CORTE SUPREMA DE JUSTICIA República de Colombia Corte Suprema de Justicia Sala de Casación Civil CORTE SUPREMA DE JUSTICIA SALA DE CASACIÓN CIVIL Magistrado Ponente: ARTURO SOLARTE RODRÍGUEZ Bogotá, D.C., cinco (5) de septiembre de dos mil doce (2012).- (discutido y aprobado en Sala de 29 de agosto de 2012). Ref.: 05001-22-03-000-2012-00542-01 Decide la Corte la impugnación formulada por la Concesión RUNT S.A. respecto de la sentencia proferida el 12 de julio de 2012 por la Sala Undécima de Decisión Civil del Tribunal Superior del Distrito Judicial de Medellín, con la que se denegó la petición de amparo que presentaron los señores Jhon Jairo Quintero Cortés, Marta Elena Duque Gaviria y Jorge Mario Avendaño Aguirre, en contra del Ministerio de Transporte – Dirección Territorial Antioquia, la Secretaría de Transporte y Tránsito de Marinilla (Antioquia) y la Concesión RUNT S.A.
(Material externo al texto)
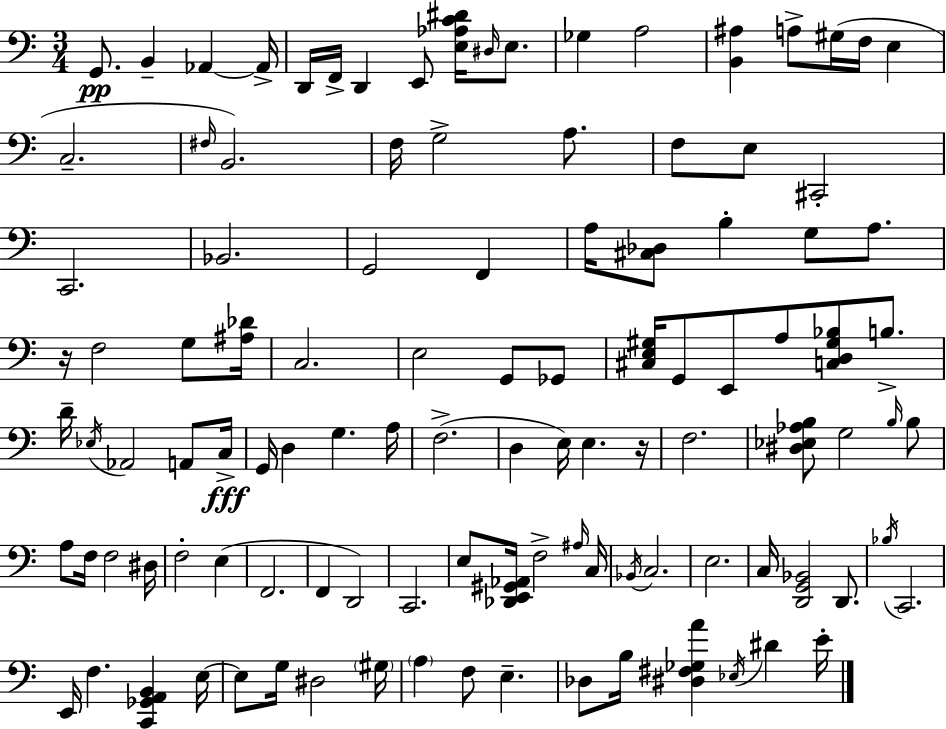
{
  \clef bass
  \numericTimeSignature
  \time 3/4
  \key a \minor
  \repeat volta 2 { g,8.\pp b,4-- aes,4~~ aes,16-> | d,16 f,16-> d,4 e,8 <e aes c' dis'>16 \grace { dis16 } e8. | ges4 a2 | <b, ais>4 a8-> gis16( f16 e4 | \break c2.-- | \grace { fis16 } b,2.) | f16 g2-> a8. | f8 e8 cis,2-. | \break c,2. | bes,2. | g,2 f,4 | a16 <cis des>8 b4-. g8 a8. | \break r16 f2 g8 | <ais des'>16 c2. | e2 g,8 | ges,8 <cis e gis>16 g,8 e,8 a8 <c d gis bes>8 b8.-> | \break d'16-- \acciaccatura { ees16 } aes,2 | a,8 c16->\fff g,16 d4 g4. | a16 f2.->( | d4 e16) e4. | \break r16 f2. | <dis ees aes b>8 g2 | \grace { b16 } b8 a8 f16 f2 | dis16 f2-. | \break e4( f,2. | f,4 d,2) | c,2. | e8 <des, e, gis, aes,>16 f2-> | \break \grace { ais16 } c16 \acciaccatura { bes,16 } c2. | e2. | c16 <d, g, bes,>2 | d,8. \acciaccatura { bes16 } c,2. | \break e,16 f4. | <c, ges, a, b,>4 e16~~ e8 g16 dis2 | \parenthesize gis16 \parenthesize a4 f8 | e4.-- des8 b16 <dis fis ges a'>4 | \break \acciaccatura { ees16 } dis'4 e'16-. } \bar "|."
}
ANTECEDENTES 1. Los señores Jhon Jairo Quintero Cortés, Marta Elena Duque Gaviria y Jorge Mario Avendaño Aguirre, a través de apoderado judicial, solicitaron la protección constitucional de los derechos fundamentales– sin especificar cuáles – presuntamente vulnerados por las entidades accionadas dentro del “trámite del proceso de traspaso y matrícula de la RETROESCAVADORA, MARCA CATERPILAR, DE PLACAS VRS 96ª, MODELO 1.987, LINEA 416, COLOR AMARILLO, DE SERVICIO PARTICULAR…”. 2.
Como fundamento del amparo solicitado, se informa que en el mes de agosto del año 2010, se presentó ante la secretaría de tránsito acusada la documentación requerida para efectuar el traspaso del automotor referido en el numeral anterior, el cual es considerado como maquinaria agrícola que no requiere revisión técnico mecánica, pero la solicitud fue “devuelt[a] por que (sic) el nuevo sistema rechaza el trámite con o sin revisión técnico mecánica”.
Manifiestan los actores que han buscado por todos los medios una solución a ese problema, sin que las entidades accionadas hayan resuelto nada, sino que éstas se “remiten unas a otras las solicitudes”. Consideran, además, que se han visto perjudicados desde “la solicitud del tr[á]mite inicial ante la Secretaría de Transportes y Tr[á]nsito del Municipio de Marinilla”, porque tampoco se ha podido concretar el levantamiento de una prenda que recae sobre la retroexcavadora ni adelantar la constitución de un gravamen similar a favor del Banco de Bogotá, quien tiene aprobado un crédito a los compradores, con el cual se pagará el precio de la venta y el vendedor, a su vez, cancelará un préstamo que le viene generando intereses mensuales.
Indican, finalmente, que no cuentan con otro medio de defensa para lograr el amparo de sus derechos. 3. En virtud de lo anterior se pide que “se ordene el reconocimiento inmediato de los derechos Constitucionales fundamentales” y, en subsidio, “que se adopten las medidas provisionales para protegerlos”, o, de lo contrario, “se ordene a las entidades accionadas o a la que corresponda realizar el tr[á]mite solicitado desde el año 2010”.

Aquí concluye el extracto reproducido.